The OAG Island

In 2010 the OAG engaged in a furious battle with the Anti Corruption Commission to not prosecute those accused in the Gyelpozhing Land allotment case. It later lost the case and a lot of its credibility with it.

This was soon followed by the Trongsa land case where the OAG overturned the entire ACC investigation and refused to prosecute the case saying there is no case. It also challenged the locus standi of the ACC to prosecute the case.

Again, embarrassingly for the OAG, the judiciary ruled in favour of ACC and allowed it to prosecute the case.

While this embarrassment was not over another major one followed when the OAG made up an internal rule that it would not appeal cases when two courts gave the same verdict. It loosely and controversially interpreted this rule to not appeal the Jatan Lal case in the Supreme Court.

Again in what was a well established pattern the Supreme Court itself allowed the ACC to file an appeal overriding the non-appeal by the OAG in the case.

In all of the above cases the government of the day to which the OAG is accountable should have pulled up the OAG along with the AG in charge.

However, it seems all three elected governments so far have been content to let its legal arm embarrass itself and the government again and again with no consequences and no changes.
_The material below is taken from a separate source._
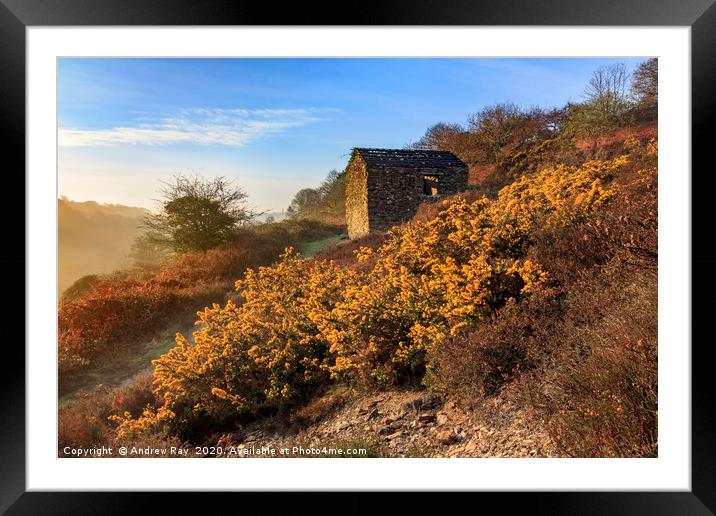 Gorse and barn (Carnon Valley) Framed Mounted Print by Andrew Ray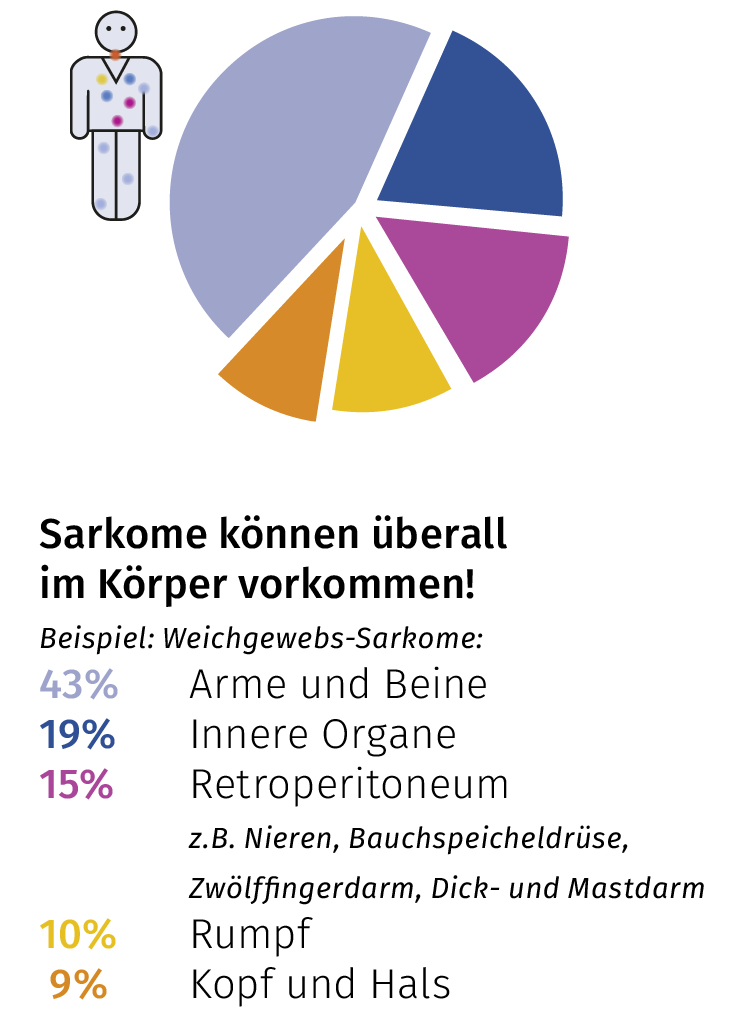 DSS 2020 Infografiken Im korper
To be clear, the AG, who is the head of the OAG, is appointed on the nomination of the Prime Minister and can also be removed on the advice of the Prime Minister.
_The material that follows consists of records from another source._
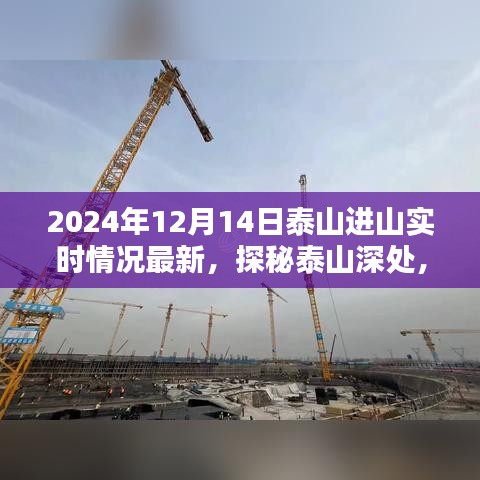 探秘泰山深處，小巷特色小店與最新進山實時情況揭秘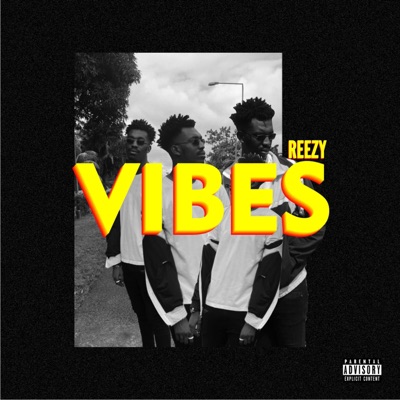 Vibes - Single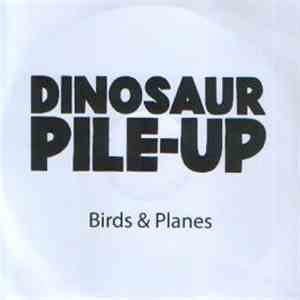 Dinosaur Pile-Up - Birds & Planes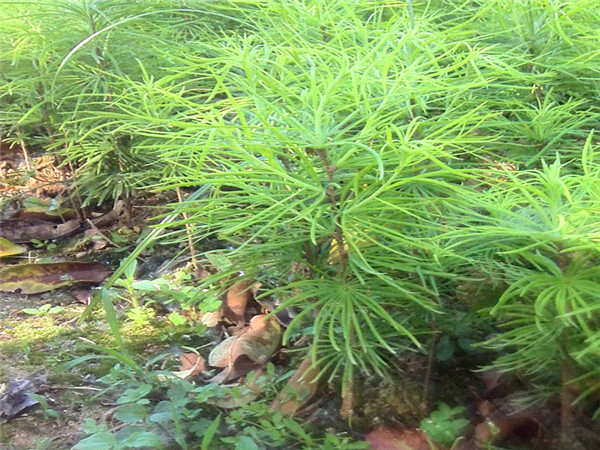 金钱松和黑松哪个品种好？红豆杉和金钱松哪个好？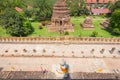 Top view of buddha statue Royalty Free Stock Photo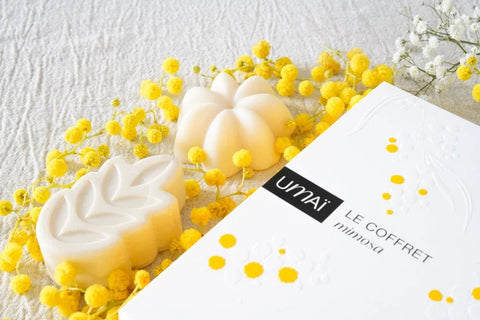 Coffret Mimosa Umai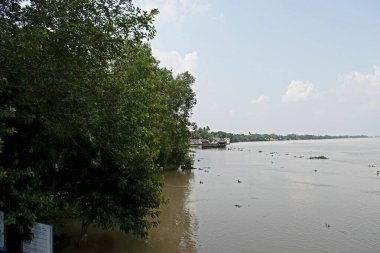 Muson gelgitinde kabaran kabarık nehrin sakin manzarası. Geniş bir uzantı, nehir kıyıları ve yeşillik.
The Prime Minister does not have the power to fire even a government messenger, but the fact that he is given such powers over the AG clearly means the AG is accountable to him and the larger government in how it functions.
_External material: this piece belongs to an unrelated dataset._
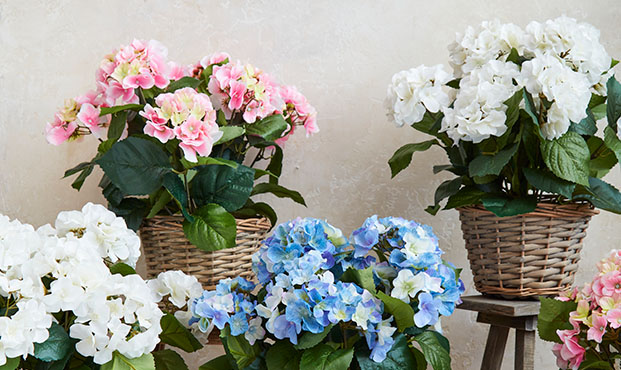 Brøndsholm - blomster i potte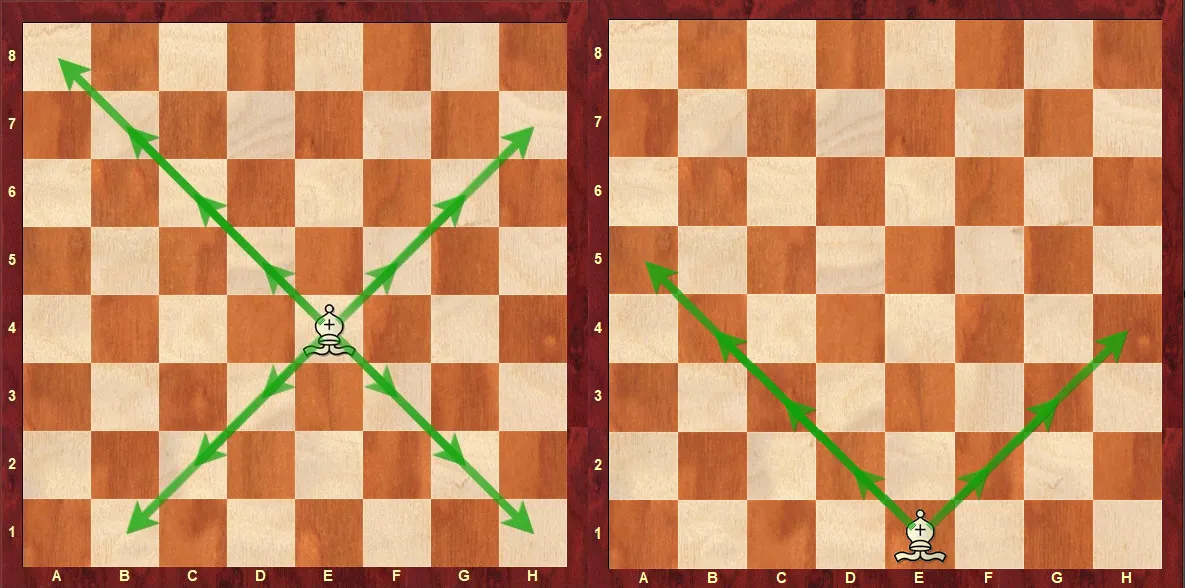 Bishops-squares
The OAG and the AGs, however, have been an island to themselves in how they function with excessive and mostly made up discretionary powers.

The result of such a history is why the current OAG is in the process of suing a private citizen with defamation charges when there no complaint from the government, which it represents. This is unacceptable and improper.

The case if successful could have a negative and chilling impact on the freedom of expression and would grossly inflate the OAG’s already inflated discretionary powers to the detriment of the basic checks and balances of a democratic system.

“A body of men holding themselves accountable to nobody ought not to be trusted by anybody.”